# Skunked at Sulphur Creek Reservoir



## wyogoob (Sep 7, 2007)

Not even a bite - six hours, 13 different holes, at Sulphur Creek Reservoir.

So goes ice fishing.


----------



## lehi (Sep 13, 2007)

That just sounds like a grand time.


----------



## Grandpa D (Sep 7, 2007)

I told you that the 9' fly rod would be a poor choice! -|\O-


----------



## wyogoob (Sep 7, 2007)

Grandpa D said:


> I told you that the 9' fly rod would be a poor choice! -|\O-


 That and the caribou hair flies.

Geeze, I read your Rockport "find *GrandpaD*" instructions today.....ah..No wonder I couldn't find ya. I was looking for a guy north of the boat ramp, with a red goatee, in a green icefishing tent, sitting on a jet sled.

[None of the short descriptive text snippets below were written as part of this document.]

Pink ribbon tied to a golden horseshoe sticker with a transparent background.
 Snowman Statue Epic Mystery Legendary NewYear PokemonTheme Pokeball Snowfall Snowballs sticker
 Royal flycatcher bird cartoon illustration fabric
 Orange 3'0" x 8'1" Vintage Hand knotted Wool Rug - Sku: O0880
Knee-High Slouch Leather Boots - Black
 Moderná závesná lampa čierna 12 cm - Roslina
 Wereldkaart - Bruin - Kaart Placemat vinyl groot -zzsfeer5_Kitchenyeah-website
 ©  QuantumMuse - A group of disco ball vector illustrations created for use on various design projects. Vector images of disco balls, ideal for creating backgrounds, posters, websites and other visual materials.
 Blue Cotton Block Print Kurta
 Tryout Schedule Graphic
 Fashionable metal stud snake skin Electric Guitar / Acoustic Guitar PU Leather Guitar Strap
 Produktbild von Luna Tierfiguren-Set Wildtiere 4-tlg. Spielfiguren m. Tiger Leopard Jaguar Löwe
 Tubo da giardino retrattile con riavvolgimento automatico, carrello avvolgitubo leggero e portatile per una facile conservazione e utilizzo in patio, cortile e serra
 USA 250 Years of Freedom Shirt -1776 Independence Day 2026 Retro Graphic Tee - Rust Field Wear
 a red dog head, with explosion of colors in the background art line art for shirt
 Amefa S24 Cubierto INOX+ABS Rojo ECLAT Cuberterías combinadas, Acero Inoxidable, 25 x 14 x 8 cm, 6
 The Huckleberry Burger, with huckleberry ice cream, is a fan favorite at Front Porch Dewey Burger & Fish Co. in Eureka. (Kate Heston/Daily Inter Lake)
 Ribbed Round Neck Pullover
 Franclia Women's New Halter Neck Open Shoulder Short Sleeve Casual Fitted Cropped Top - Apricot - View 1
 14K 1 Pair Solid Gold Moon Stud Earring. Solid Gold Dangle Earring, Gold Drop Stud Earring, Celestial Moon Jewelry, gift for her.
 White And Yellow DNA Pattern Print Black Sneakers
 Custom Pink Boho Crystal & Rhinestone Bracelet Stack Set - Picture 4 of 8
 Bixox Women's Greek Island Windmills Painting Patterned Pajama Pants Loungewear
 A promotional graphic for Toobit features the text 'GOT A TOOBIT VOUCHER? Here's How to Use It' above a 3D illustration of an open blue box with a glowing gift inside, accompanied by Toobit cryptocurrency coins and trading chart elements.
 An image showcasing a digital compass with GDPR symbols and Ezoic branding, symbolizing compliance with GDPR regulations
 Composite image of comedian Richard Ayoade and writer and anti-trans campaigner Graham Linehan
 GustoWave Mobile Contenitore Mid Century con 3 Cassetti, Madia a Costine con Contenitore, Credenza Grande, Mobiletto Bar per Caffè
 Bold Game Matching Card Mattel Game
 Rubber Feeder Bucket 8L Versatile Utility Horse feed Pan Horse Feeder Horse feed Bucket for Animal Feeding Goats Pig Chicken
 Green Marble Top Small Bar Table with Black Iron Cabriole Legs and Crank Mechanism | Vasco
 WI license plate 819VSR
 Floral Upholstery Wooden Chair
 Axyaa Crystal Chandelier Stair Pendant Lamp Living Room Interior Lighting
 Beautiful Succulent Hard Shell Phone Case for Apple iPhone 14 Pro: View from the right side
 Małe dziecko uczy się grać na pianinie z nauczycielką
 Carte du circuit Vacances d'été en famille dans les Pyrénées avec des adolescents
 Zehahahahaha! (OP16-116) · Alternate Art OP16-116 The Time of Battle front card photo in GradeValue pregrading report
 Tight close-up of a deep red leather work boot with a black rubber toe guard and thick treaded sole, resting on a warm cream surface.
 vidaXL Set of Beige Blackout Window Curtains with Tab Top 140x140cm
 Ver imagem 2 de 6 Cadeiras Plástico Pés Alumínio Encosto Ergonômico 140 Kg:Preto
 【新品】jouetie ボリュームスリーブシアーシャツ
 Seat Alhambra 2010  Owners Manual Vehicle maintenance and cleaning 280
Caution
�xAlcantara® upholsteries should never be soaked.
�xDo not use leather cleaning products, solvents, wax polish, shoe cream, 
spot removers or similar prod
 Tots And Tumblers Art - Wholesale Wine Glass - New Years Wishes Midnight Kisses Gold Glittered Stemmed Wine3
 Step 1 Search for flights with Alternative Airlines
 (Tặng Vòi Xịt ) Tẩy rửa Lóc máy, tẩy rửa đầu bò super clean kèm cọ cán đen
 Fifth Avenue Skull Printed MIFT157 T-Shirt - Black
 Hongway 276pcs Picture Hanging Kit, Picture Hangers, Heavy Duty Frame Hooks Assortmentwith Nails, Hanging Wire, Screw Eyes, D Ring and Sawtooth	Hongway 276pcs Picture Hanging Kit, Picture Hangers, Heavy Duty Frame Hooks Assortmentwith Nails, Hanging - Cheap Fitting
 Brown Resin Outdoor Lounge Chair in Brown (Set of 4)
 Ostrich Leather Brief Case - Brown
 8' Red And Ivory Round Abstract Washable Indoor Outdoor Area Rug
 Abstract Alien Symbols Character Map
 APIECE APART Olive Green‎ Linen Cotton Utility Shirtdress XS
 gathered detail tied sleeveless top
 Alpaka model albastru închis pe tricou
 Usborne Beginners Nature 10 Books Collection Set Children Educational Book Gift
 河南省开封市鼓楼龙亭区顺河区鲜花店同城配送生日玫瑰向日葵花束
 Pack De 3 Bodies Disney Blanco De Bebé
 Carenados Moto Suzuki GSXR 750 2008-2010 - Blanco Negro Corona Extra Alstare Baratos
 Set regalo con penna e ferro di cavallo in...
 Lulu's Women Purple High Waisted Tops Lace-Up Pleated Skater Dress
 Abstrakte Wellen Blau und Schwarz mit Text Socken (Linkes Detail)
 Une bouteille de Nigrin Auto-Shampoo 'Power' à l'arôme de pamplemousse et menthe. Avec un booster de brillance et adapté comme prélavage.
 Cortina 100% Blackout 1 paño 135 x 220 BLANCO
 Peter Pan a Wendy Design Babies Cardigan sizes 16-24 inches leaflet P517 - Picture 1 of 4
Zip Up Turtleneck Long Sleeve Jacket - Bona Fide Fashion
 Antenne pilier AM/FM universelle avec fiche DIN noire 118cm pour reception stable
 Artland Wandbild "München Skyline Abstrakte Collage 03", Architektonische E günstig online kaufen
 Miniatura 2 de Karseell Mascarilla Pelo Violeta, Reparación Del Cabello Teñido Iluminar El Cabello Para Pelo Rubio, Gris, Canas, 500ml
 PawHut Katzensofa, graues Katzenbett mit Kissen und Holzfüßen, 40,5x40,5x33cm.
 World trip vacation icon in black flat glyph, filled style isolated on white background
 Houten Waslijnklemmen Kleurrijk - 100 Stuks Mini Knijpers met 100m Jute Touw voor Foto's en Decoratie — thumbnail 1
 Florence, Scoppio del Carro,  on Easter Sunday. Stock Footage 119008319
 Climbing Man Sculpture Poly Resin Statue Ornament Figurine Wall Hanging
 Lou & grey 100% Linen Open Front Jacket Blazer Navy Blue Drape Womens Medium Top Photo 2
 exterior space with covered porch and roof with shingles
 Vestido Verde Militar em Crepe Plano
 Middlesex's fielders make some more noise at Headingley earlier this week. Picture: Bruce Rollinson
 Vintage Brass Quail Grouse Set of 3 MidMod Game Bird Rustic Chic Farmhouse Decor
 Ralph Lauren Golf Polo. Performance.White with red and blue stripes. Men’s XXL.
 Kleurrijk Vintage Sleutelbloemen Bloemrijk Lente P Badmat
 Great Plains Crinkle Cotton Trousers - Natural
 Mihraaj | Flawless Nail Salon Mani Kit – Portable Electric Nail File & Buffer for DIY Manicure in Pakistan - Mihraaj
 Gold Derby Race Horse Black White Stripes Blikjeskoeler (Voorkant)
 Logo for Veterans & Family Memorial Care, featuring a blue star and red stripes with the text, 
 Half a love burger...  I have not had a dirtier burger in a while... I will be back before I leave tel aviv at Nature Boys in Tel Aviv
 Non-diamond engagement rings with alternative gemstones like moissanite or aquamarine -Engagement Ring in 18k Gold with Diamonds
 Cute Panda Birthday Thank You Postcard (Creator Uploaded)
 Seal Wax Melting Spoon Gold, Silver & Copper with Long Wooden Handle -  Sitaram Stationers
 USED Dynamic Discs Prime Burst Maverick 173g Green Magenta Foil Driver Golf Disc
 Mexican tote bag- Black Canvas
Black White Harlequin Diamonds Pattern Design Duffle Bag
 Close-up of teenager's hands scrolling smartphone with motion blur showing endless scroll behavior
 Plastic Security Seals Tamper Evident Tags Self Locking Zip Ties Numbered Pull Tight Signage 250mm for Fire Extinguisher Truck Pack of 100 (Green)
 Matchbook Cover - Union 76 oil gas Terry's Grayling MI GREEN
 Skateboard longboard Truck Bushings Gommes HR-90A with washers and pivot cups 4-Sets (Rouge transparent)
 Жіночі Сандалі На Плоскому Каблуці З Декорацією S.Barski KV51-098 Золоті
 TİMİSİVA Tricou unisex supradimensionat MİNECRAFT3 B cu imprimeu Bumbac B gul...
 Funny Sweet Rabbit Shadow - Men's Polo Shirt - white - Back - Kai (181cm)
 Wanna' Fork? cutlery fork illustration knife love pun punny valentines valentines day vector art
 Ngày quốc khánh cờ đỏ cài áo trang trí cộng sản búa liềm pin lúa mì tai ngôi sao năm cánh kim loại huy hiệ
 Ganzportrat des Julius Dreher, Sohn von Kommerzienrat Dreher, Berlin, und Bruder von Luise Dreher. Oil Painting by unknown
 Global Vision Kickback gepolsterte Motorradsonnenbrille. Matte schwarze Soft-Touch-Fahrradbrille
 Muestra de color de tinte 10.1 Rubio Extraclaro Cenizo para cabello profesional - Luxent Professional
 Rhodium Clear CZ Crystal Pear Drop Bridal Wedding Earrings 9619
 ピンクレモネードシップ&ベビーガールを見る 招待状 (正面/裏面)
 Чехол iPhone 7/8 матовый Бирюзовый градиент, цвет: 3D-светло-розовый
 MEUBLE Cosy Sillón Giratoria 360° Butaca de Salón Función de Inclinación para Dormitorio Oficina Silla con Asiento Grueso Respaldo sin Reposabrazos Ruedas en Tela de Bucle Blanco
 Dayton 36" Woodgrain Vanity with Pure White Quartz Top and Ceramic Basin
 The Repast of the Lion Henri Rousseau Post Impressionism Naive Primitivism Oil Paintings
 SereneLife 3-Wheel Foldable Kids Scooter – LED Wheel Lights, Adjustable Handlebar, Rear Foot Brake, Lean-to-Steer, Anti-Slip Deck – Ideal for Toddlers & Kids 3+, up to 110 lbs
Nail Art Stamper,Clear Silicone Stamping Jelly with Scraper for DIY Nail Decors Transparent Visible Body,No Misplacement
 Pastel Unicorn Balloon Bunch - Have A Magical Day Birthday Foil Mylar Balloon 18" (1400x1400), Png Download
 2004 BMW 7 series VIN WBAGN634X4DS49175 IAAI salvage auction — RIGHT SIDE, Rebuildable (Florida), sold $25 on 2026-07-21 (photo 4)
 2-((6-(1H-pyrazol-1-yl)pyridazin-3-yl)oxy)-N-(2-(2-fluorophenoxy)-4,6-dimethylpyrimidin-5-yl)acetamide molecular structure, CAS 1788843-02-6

Did you see me in the low flying blue plane? *Petersen *was driving. :lol:


----------



## blueboy22 (Sep 30, 2007)

The name Sulphur Creek say's it all, doesn't it.


----------



## Grandpa D (Sep 7, 2007)

wyogoob said:


> Grandpa D said:
> 
> 
> > I told you that the 9' fly rod would be a poor choice! -|\O-
> ...


I thought that I saw Peterson in that plane but it looked like Dell Schonzee was behind the controls to me. :rotfl:


----------



## wyogoob (Sep 7, 2007)

Grandpa D said:


> wyogoob said:
> 
> 
> > [quote="Grandpa D":34ohsdxr]I told you that the 9' fly rod would be a poor choice! -|\O-
> ...


I thought that I saw Peterson in that plane but it looked like Dell Schonzee was behind the controls to me. :rotfl:[/quote:34ohsdxr]



Got skunked at Sulphur Creek *again* yesterday.

Got to work on my auger for 3 hours. Gave me something to do.


----------



## JAT83 (Sep 9, 2007)

Still beats a good day of work, right?


----------



## STEVO (Sep 13, 2007)

You guys saw that Blue plane too?? We were up at the berry and that guy was buzzing all the fisherman out there. Was swerving in & out of the mountains, flew about 50 feet from some people even. The fish cop guy was pissed he was flying so wrecklesly!!!


----------



## riptheirlips (Jun 30, 2008)

Are they holding the ice fishing derby at Sulpher resevoir this year??


----------



## wyogoob (Sep 7, 2007)

riptheirlips said:


> Are they holding the ice fishing derby at Sulpher resevoir this year??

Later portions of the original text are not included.